Provided data:
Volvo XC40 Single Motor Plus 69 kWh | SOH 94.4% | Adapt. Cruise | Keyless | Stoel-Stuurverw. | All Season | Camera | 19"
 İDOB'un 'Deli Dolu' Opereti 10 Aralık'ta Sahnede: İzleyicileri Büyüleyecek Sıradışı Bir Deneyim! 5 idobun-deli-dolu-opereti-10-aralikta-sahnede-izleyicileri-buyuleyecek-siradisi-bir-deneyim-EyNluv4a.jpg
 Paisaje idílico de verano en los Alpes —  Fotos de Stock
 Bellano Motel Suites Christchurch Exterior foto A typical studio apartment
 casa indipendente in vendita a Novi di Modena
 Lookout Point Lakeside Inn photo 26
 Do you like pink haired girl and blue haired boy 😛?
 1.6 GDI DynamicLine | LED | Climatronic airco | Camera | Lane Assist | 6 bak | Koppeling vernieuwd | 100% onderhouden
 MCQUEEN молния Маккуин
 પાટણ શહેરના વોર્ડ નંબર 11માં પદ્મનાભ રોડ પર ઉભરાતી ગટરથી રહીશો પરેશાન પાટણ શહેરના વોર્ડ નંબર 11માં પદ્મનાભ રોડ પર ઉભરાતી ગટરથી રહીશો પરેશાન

What you are asked to do: Read through the data above. Report each line that has the word "Camera".

Problem solution:
Volvo XC40 Single Motor Plus 69 kWh | SOH 94.4% | Adapt. Cruise | Keyless | Stoel-Stuurverw. | All Season | Camera | 19"
 1.6 GDI DynamicLine | LED | Climatronic airco | Camera | Lane Assist | 6 bak | Koppeling vernieuwd | 100% onderhouden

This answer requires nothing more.